M/S. Kumar Motors, Bareilly Y Vs. Commissioner of sales Tax, U.P., Lucknow
 INSC 93 (2 February 2007)
S.B. Sinha & Markandey Katju
(Arising out of S.L.P.(C) No. 17280/2004) S.B. SINHA, J.
Appellant herein deals in manufacture and sale of Auto Rickshaw.
For the said purpose, it purchases body of Auto Rickshaw from M/s. Apollo
Builders, a sister concern of M/s. Scooters India Ltd. and chassis thereof from
M/s. Scooters India Ltd.
The question which arises for consideration in this appeal is as to whether
mounting of the body of the Auto Rickshaw on the Chassis thereof would amount
to 'manufacture' within the meaning of Section 2 (e-1 ) of the U.P. Sales Tax
Act, 1948 ('the Act', for short).
It is not in dispute that the appellant had purchased 'Vikram three wheeler
Chassis' upon issuing III-A form from M/s. Scooters India Ltd. It did not pay
any purchase tax in respect of the purchases made from M/s.
Appolo Builders. Appellant was held to be liable to pay purchase tax on the
premise that upon mounting the body of Auto Rickshaw on the chassis and sale
having not been made on the same condition and form, purchase tax was leviable.
The contention of the appellant is that having regard to the provisions
contained in Section 3-AAAA of the Act, no purchase tax is payable as the
condition remained the same. In any event having regard to the Entry 43 B and
having regard to the fact both chassis and body of three wheelers came within
the purview of 'auto rickshaw', which find place in the same entry, no tax was
payable. Reliance, in this behalf, has been placed on the decision of
Commercial Taxes Officer, Anti Evasion-I vs. Rajesh Motors &
Anr. (1997) 107 STC 468; the decision of a Rajasthan Taxation Tribunal as
also the decision of Dy. Commisioner of Salex Tax(Law), Board of Revenue
(Taxes), Ernakulam vs. M/s. Pio Food Packers 1980 Supp. S.C.C.
174 and M/s. Sterling Foods, a Partnership firm represented by its partner Sh.
Amesh Dalpatram v. State of Karnataka & Anr. (1986) 3 SCC 469.

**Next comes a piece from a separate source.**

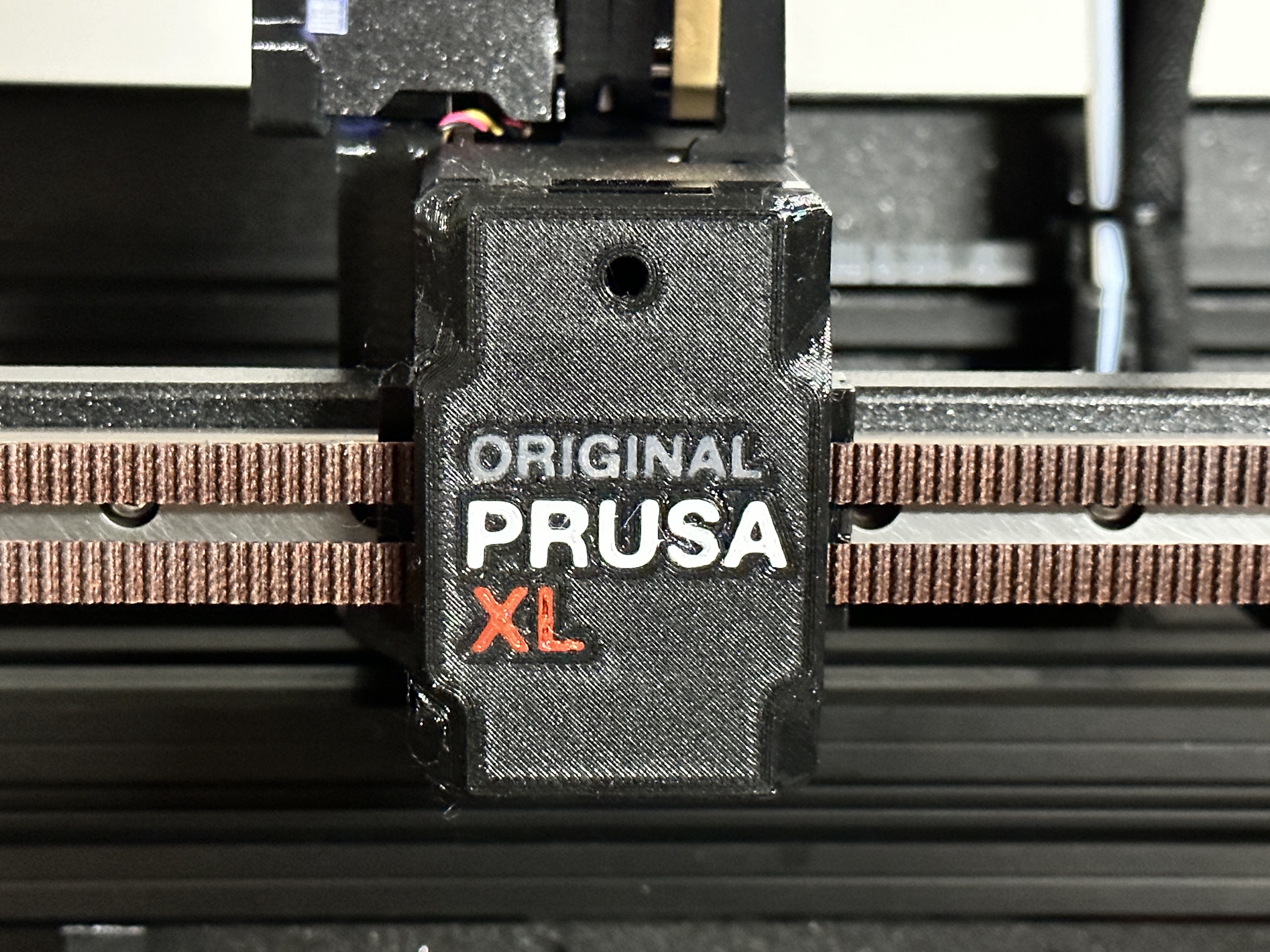 Prusa XL X-Carriage cover with access to Nextruder nozzle grub screw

The Act was enacted to provide for levy on the tax of purchase of goods in
the State of U.P.
'Manufacture' has been defined in section 2(e-1) of the Act to mean :
"(e-1) 'Manufacture' means producing, making, mining, collecting,
extracting, altering, ornamenting, finishing, or otherwise processing, treating
or adapting any goods; but does not include such manufacture or manufacturing
processes as may be prescribed."
Section 3-AAAA provides for liability
to pay tax on goods under certain circumstances. It reads as under:- "1. Subject
to the provisions of section 3, every dealer who purchases any goods liable to
tax under this Act:-
from any registered dealer in
circumstances in which no tax is payable by such registered dealer, shall be
liable to pay tax on the purchase price of such goods at the same rate at which,
but for such circumstances, tax would have been payable on the sale of such
from any person other than a
registered dealer whether or not Tax is payable by such person, shall be liable
to pay tax on the purchase price of such goods at the same rate at which tax is
payable on the sale of such goods:
Provided that no tax shall be leviable on the purchase price of such goods
in the circumstances mentioned in clauses (a) and (b) if
Such goods purchased from a
registered dealer have already been subjected to tax or may be subjected to tax
under this Act;
tax has already been paid in respect
of such goods purchased from any person other than a registered dealer;
the purchasing dealer resells such
goods within the State or in the course of inter-State trade or commerce or
exports out of the territory of India, in the same form and condition in which
he had purchased them;
such goods are liable to be exempted
under Section 4-A of this Act."
It has been noticed herein before that in regard to the purchases made from
M/s. Scooters India Ltd. Form IIIA has been utilized. Similar purchases of Auto
Rickshaw body were made from Appolo Builders against issuance of Form III-A
prescribed in terms of Rule 12-A of the U.P. Sales Tax Rules, 1948, which,
inter-alia, provides for the following condition :
"2. I further certify that out said form has purchased for sale in the
same condition (description of goods) against Bill/Cash memo No, datedfrom M/s................................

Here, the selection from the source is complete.